■ **WHAT THE TASK REQUIRES**
Please output the section of the listing below that opens with the line containing "To make CAD" and closes with the line containing "As you can tell, this", exactly and with nothing else.

■ **SOURCE DATA**
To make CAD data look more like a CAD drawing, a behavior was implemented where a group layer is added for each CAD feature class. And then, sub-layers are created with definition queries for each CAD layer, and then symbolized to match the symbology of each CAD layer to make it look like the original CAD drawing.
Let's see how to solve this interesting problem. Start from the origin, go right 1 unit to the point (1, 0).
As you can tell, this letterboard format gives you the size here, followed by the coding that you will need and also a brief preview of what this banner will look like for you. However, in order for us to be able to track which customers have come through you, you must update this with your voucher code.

==

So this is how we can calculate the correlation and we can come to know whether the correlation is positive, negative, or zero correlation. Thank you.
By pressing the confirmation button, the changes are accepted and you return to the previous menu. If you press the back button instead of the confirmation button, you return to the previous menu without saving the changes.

■ **OUTPUT OF THE EXERCISE**
To make CAD data look more like a CAD drawing, a behavior was implemented where a group layer is added for each CAD feature class. And then, sub-layers are created with definition queries for each CAD layer, and then symbolized to match the symbology of each CAD layer to make it look like the original CAD drawing.
Let's see how to solve this interesting problem. Start from the origin, go right 1 unit to the point (1, 0).
As you can tell, this letterboard format gives you the size here, followed by the coding that you will need and also a brief preview of what this banner will look like for you. However, in order for us to be able to track which customers have come through you, you must update this with your voucher code.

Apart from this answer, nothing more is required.